Thomas reports being a consultant for Pfizer, Bristol Myers Squibb, and Janssen Pharmaceuticals; and receiving research support from the Patient Centered Research Outcomes Research Institute. Ansell reports consulting activities with Bristol Myers Squibb, Pfizer, Janssen, Daiichi Sankyo, Boehringer Ingelheim, Peroshpere Equity, and Perosphere, Inc. Fonarow reports modest consultant/advisory board support from Janssen Pharmaceuticals. Gersh reports being a member of a Data Safety Monitoring Board for Mount Sinai St Lukes, Boston Scientific Corporation, Teva Pharmaceutical Industries, St Jude Medical, Janssen Research and Development, Baxter Healthcare Corporation, and Cardiovascular Research Foundation; doing general consulting for Janssen Scientific Affairs, Cipla Limited, and Armetheon Inc; and being on an advisory board for Medtronic. Kowey reports serving as a consultant to or being on the advisory board of Johnson & Johnson, Daiichi Sankyo, Boehringer Ingelheim, and Bristol Myers Squibb. Financial disclosures for Mahaffey before August 1, 2013, can be viewed at https://www.dcri.org/about-us/conflict-of-interest/Mahaffey-COI_2011-2013.pdf; disclosures after August 1, 2013, can be viewed at http://med.stanford.edu/profiles/kenneth-mahaffey. Singer reports research grants from Boerhinger Ingelheim and Bristol Myers Squibb; being a consultant/advisory board member for Boerhinger Ingelheim, Bristol Myers Squibb, Merck, Johnson & Johnson, Pfizer, and Medtronic; and being an executive committee member of the ROCKET AF (Rivaroxaban Once Daily Oral Direct Factor Xa Inhibition Compared With Vitamin K Antagonism for Prevention of Stroke and Embolism Trial in Atrial Fibrillation) trial of rivaroxaban in atrial fibrillation.

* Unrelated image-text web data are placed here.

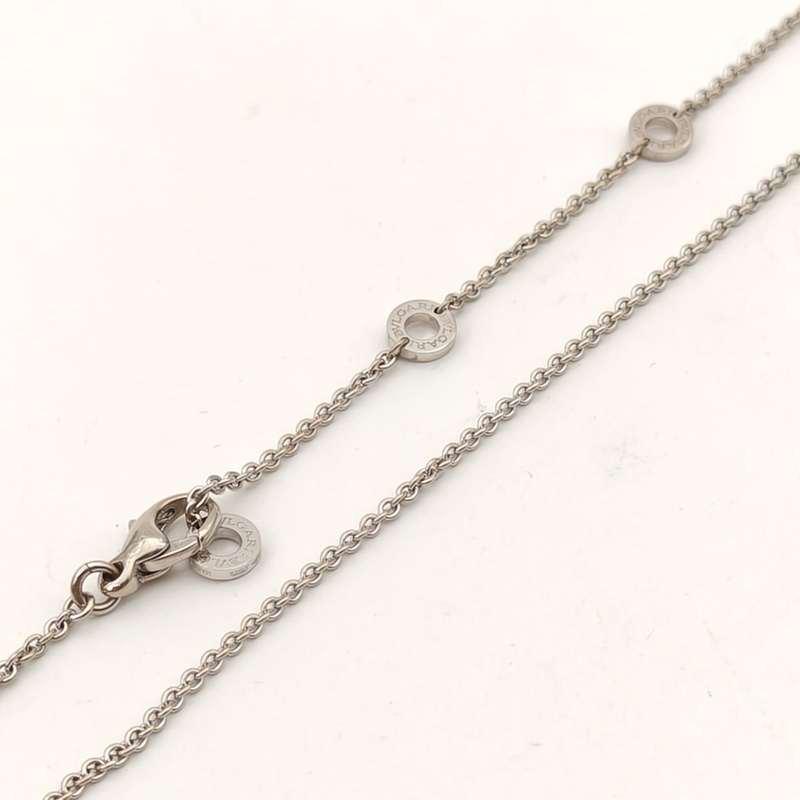 BVLGARI B.ZERO1彈簧項鏈三環扣雙邊鑽18K白金/鑽石-3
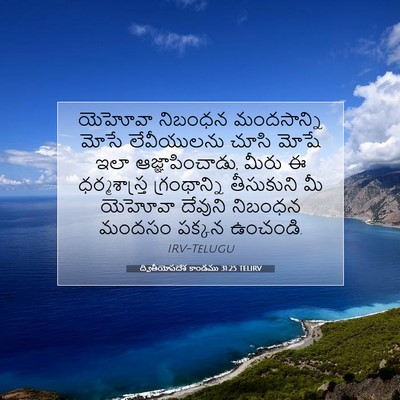 Picture 07 - ద్వితీయోపదేశ కాండము 31:25 TELIRV - యెహోవా నిబంధన - Bible Verse Picture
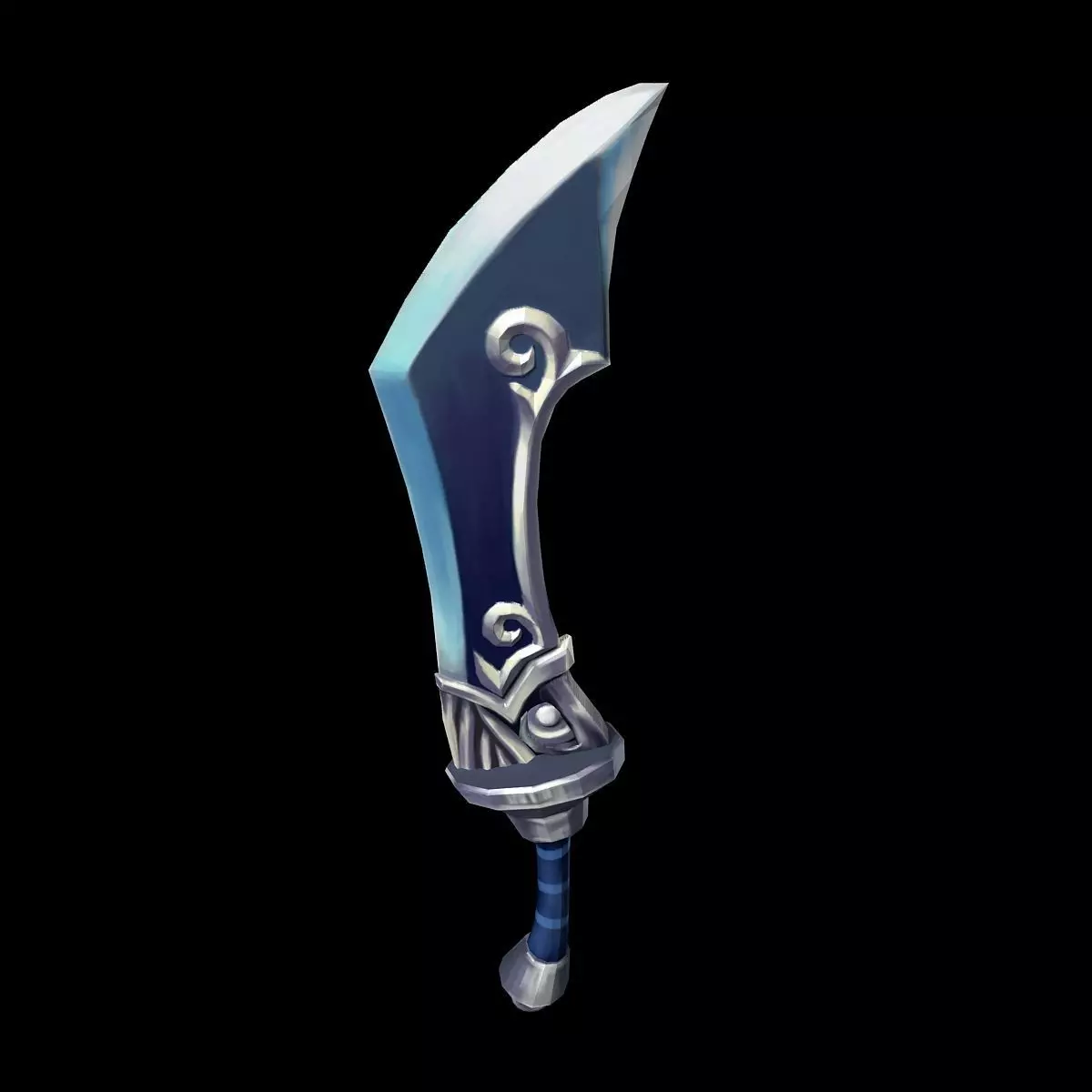 Game character weapon - big knife 3D model_0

L. Thomas reports research with Novartis, Boston Scientific, Gilead, and Janssen Scientific. Piccini reports receiving research grants or research support from Johnson & Johnson/Janssen Pharmaceuticals, Boston Scientific Corp, ARCA Biopharma, Gilead, Res Med, and St Jude; and consultant/advisory board fees from Glaxo Smith‐Kline, Medtronic Inc, Johnson & Johnson/Janssen Pharmaceuticals, Pfizer, and Spectranetics. Peterson reports consulting and participation in research with Janssen Pharmaceuticals and Bayer Co.